In the future, we could see robots that can tell when a strawberry is ripe and pluck it gingerly from the plant, or droids that can find weeds and spray them, or machines that can determine when and how much to feed dairy cows. However, while AI holds incredible promise for farms, it also threatens to be massively disruptive, especially at a time when many farmers are returning to more traditional growing methods.

“Some farmers might not wish to make the transition, either lacking the skills to flourish in a more techno-centric system or the motivation,” said David Rose, an environmental geographer at the University of East Anglia who has written about the future of farming. “Some farmers might not consider the use of AI to be compatible with their lifestyle, preferring instead to use their experiential knowledge and be closely connected to their land.”

He said that autonomous robots could threaten the safety of workers and animals, and could also put a lot of people out of a job.

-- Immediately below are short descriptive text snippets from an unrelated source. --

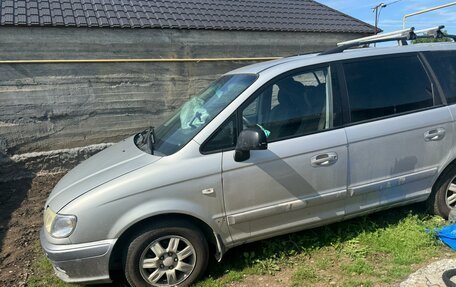 Hyundai Trajet I рестайлинг, 2006 год, 300 000 рублей, 3 фотография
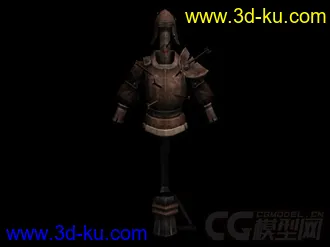 3D打印模型各种小物件的图片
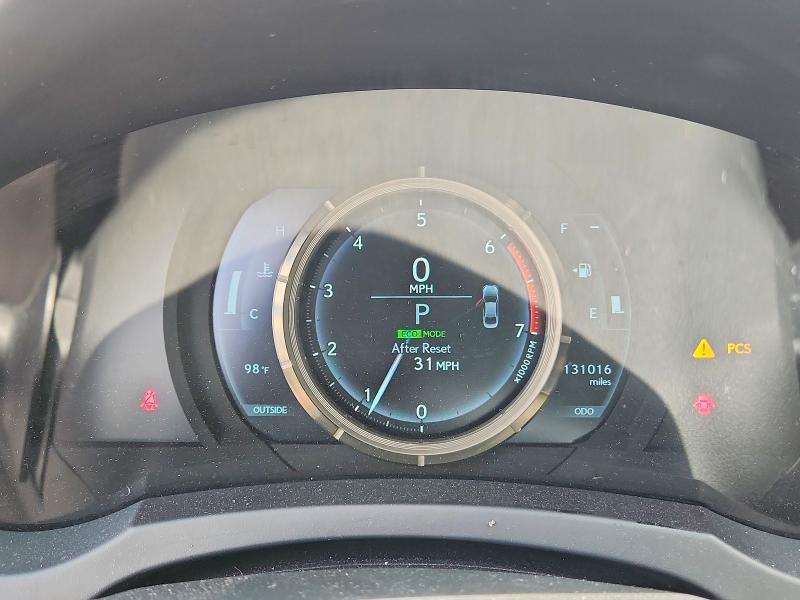 63821676 :رقم المزاد ، JTHBA1D23G5027258 vin ، 2016 Lexus Is مزاد بيع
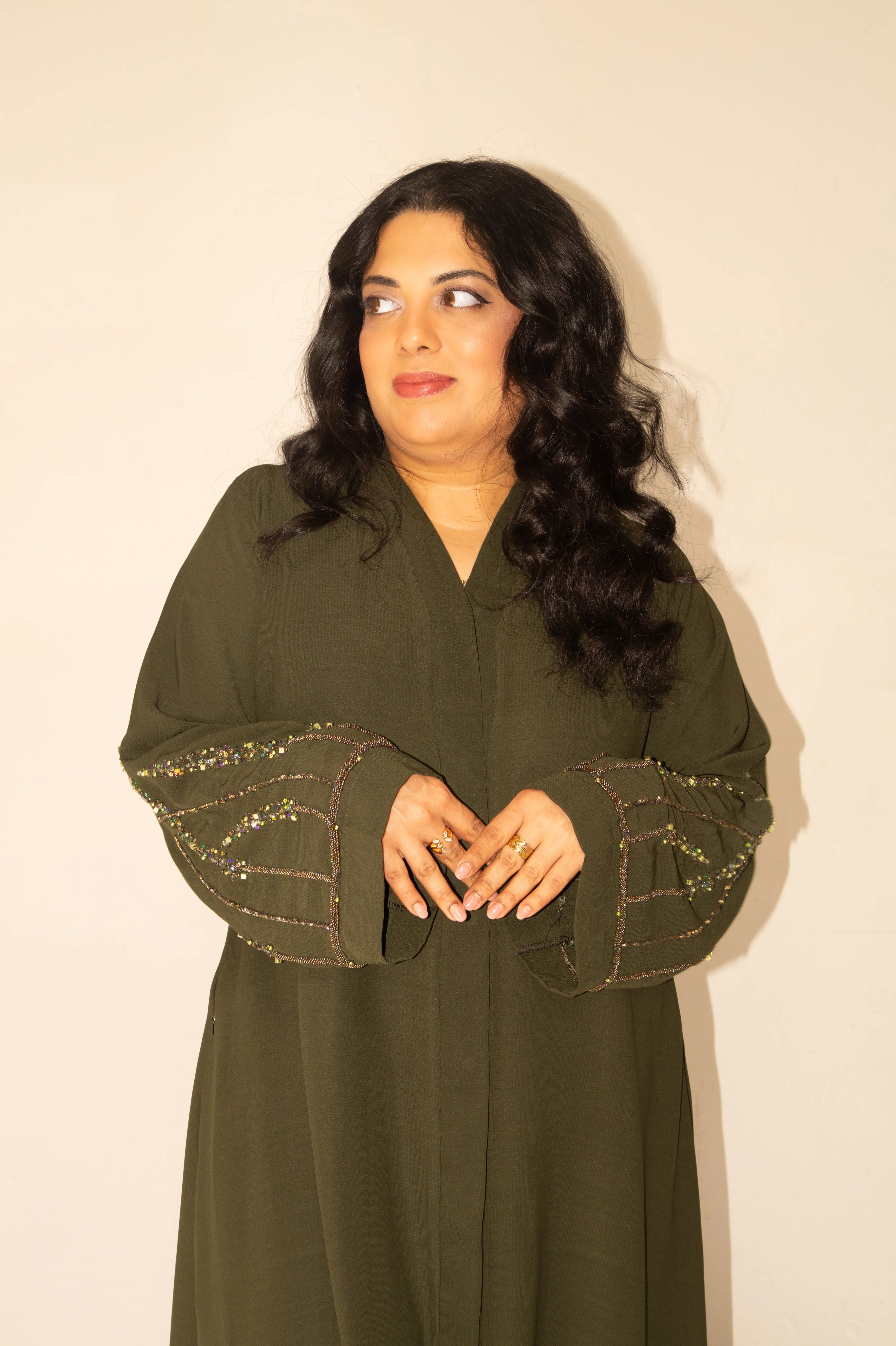 Al- Jawhara Abaya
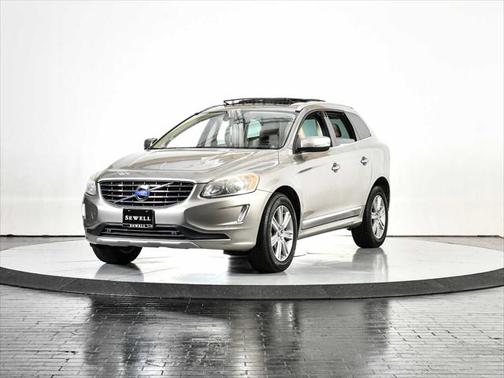 2016 Volvo XC60 T6 Drive-E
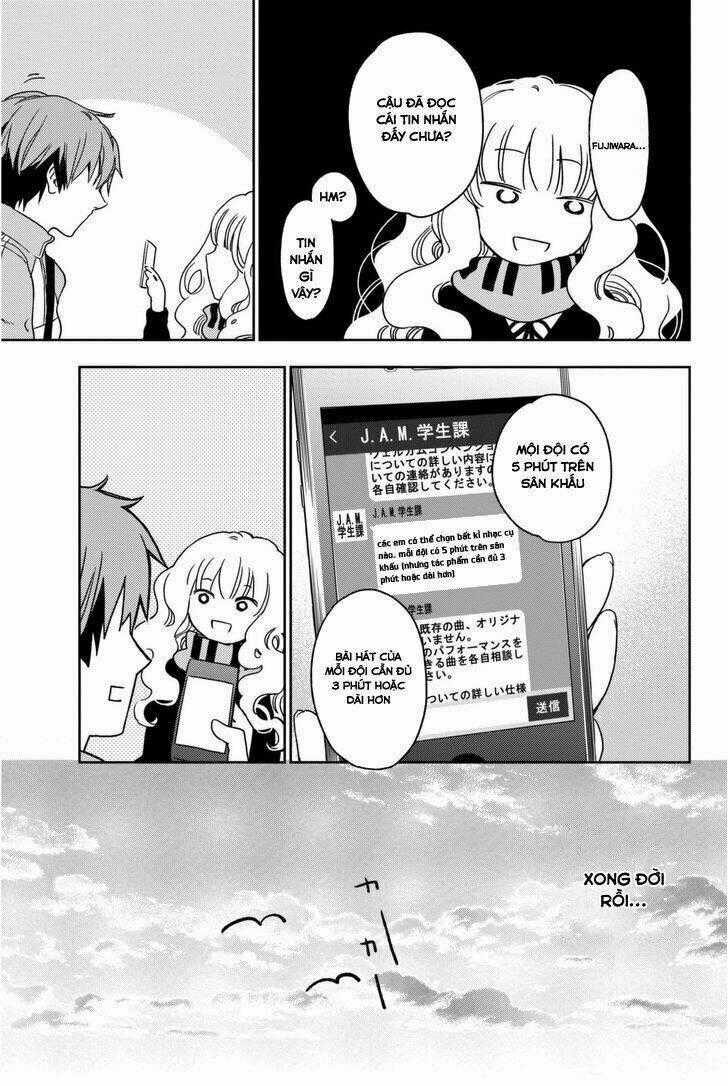 Fujicue!!! - Fujicue's Music Chapter 1 trang 54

Heavy reliance AI could also sever farmers’ connection to the land. That’s the future depicted in this John Deere commercial, which Rose described as “chilling.”

“I am not saying that we should not embrace AI in agri-tech. It definitely has the potential to improve decision-making, help us cut through data, improve efficient spraying, automate manual or laborious jobs, attract younger, more technical workers to the industry, and increase profitability. But almost no one is talking about the societal and ethical implications of AI on-farm,” he said.

“What does the world look like in which AI is used routinely on-farm? How is that different to now?” he asked. “And how do we look after the potential losers of the tech revolution as well as the winners? I think if we just start thinking about those questions and accepting that, in a democracy, technology trajectories should be open to challenge, then this is a good thing.”